-------- Task material
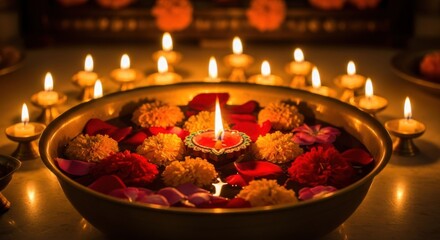 Diwali celebration with oil lamps and flower offering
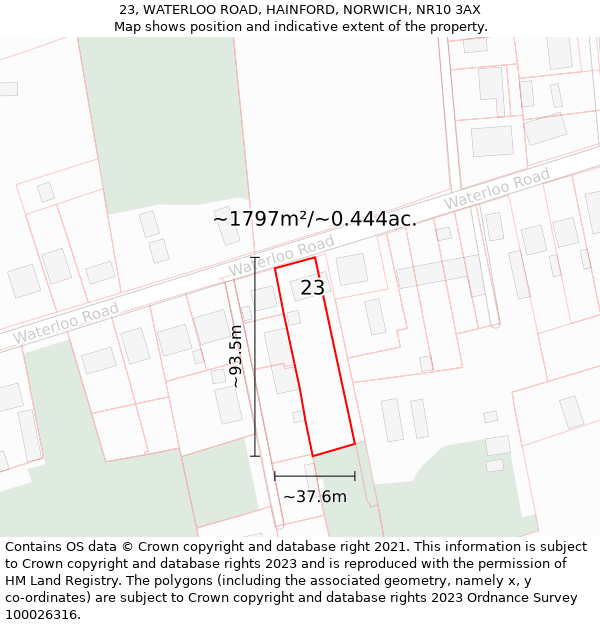 23, WATERLOO ROAD, HAINFORD, NORWICH, NR10 3AX: Plot and title map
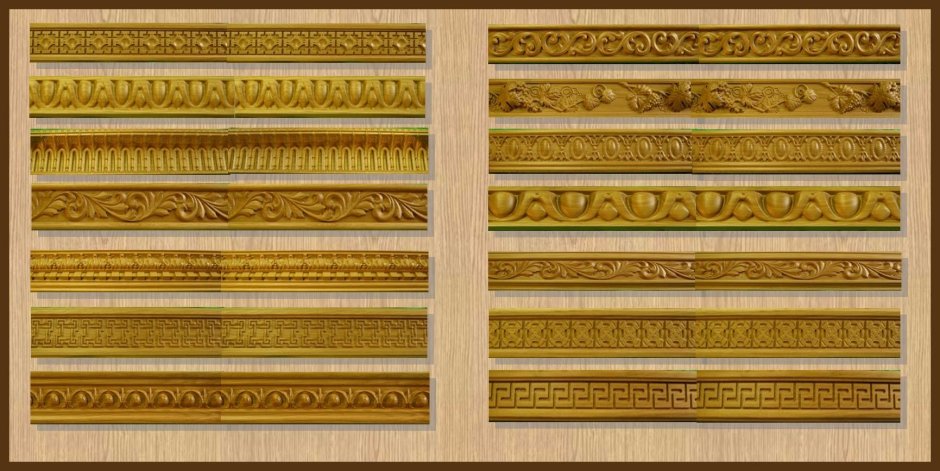 Резные потолочные плинтуса из дерева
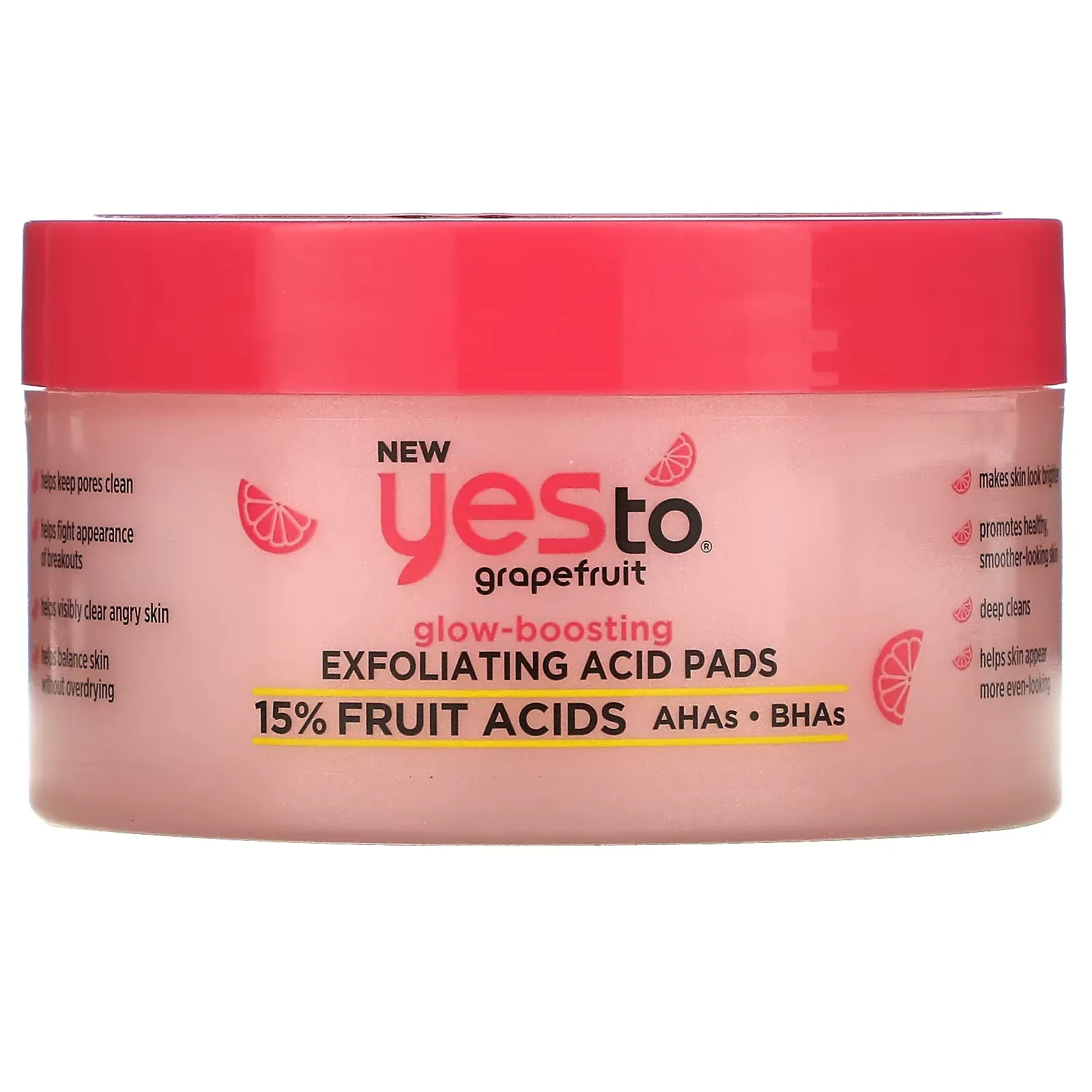 Grapefruit, Glow-Boosting Exfoliating Acid Pads, 12 Quilted Double-Sided Pads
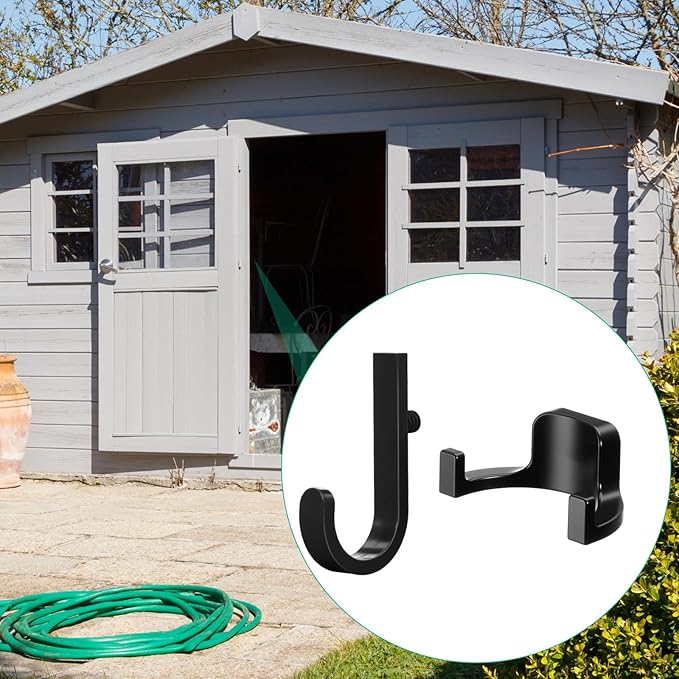 20 Pcs Storage Shed Tool Hooks Tool Hanger Compatible with Suncast Shed Accessories for Hanging Storage Shelves Organizer Accessories Parts Replacement Screws Brackets (J Shape/u Shape,Black)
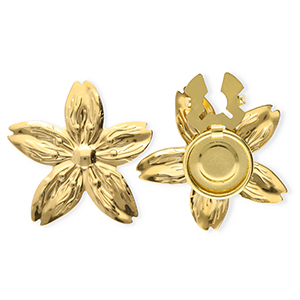 Cache-boutons en acier Inox fleur Dor&eacute;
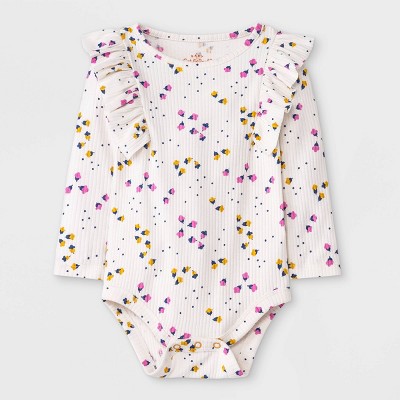 Image of Baby Girls' Floral Ditsy Ruffle Long Sleeve Bodysuit - Cat & Jack™ Off-White Newborn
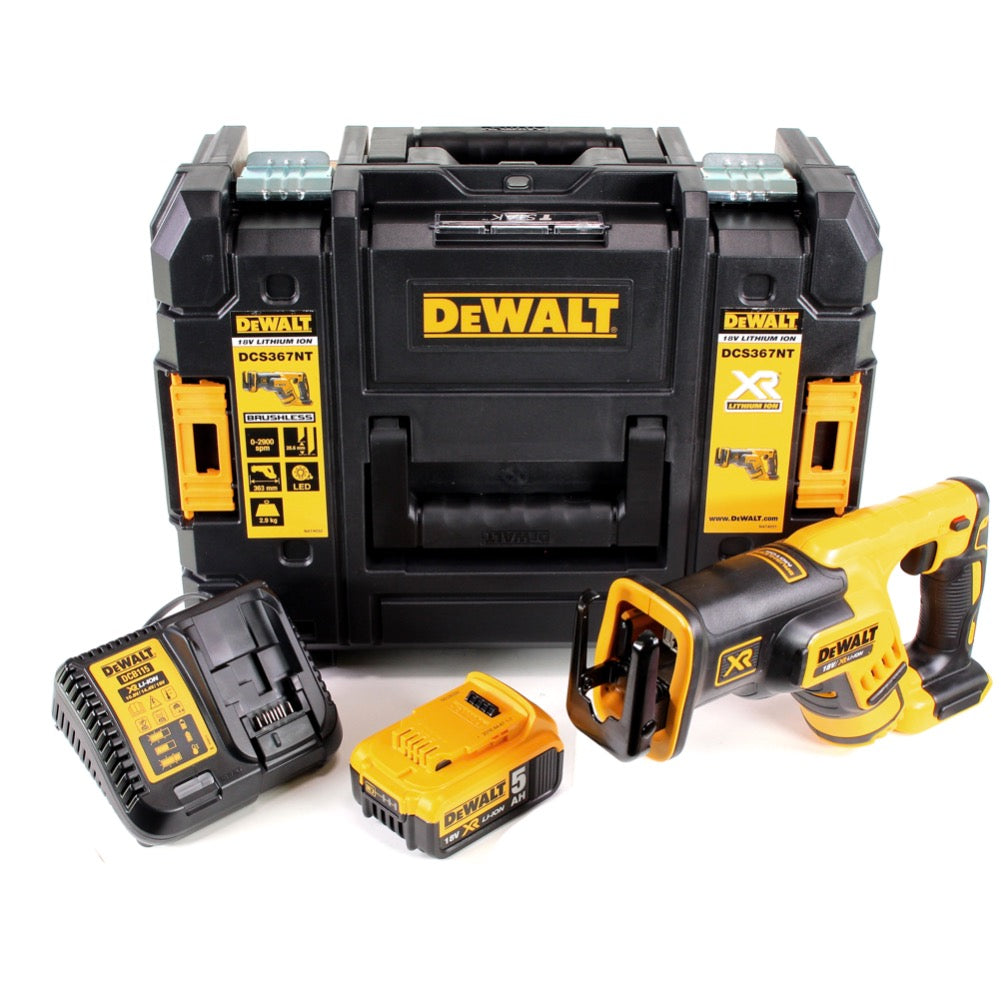 DeWalt DCS 367 P1 Akku Säbelsäge 18V Brushless + 1x Akku 5,0Ah + Ladegerät + TSTAK - Toolbrothers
----------------
● Activity
With the pictures set aside, copy each line above as written.

● Response area
 Diwali celebration with oil lamps and flower offering
 23, WATERLOO ROAD, HAINFORD, NORWICH, NR10 3AX: Plot and title map
 Резные потолочные плинтуса из дерева
 Grapefruit, Glow-Boosting Exfoliating Acid Pads, 12 Quilted Double-Sided Pads
 20 Pcs Storage Shed Tool Hooks Tool Hanger Compatible with Suncast Shed Accessories for Hanging Storage Shelves Organizer Accessories Parts Replacement Screws Brackets (J Shape/u Shape,Black)
 Cache-boutons en acier Inox fleur Dor&eacute;
 Image of Baby Girls' Floral Ditsy Ruffle Long Sleeve Bodysuit - Cat & Jack™ Off-White Newborn
 DeWalt DCS 367 P1 Akku Säbelsäge 18V Brushless + 1x Akku 5,0Ah + Ladegerät + TSTAK - Toolbrothers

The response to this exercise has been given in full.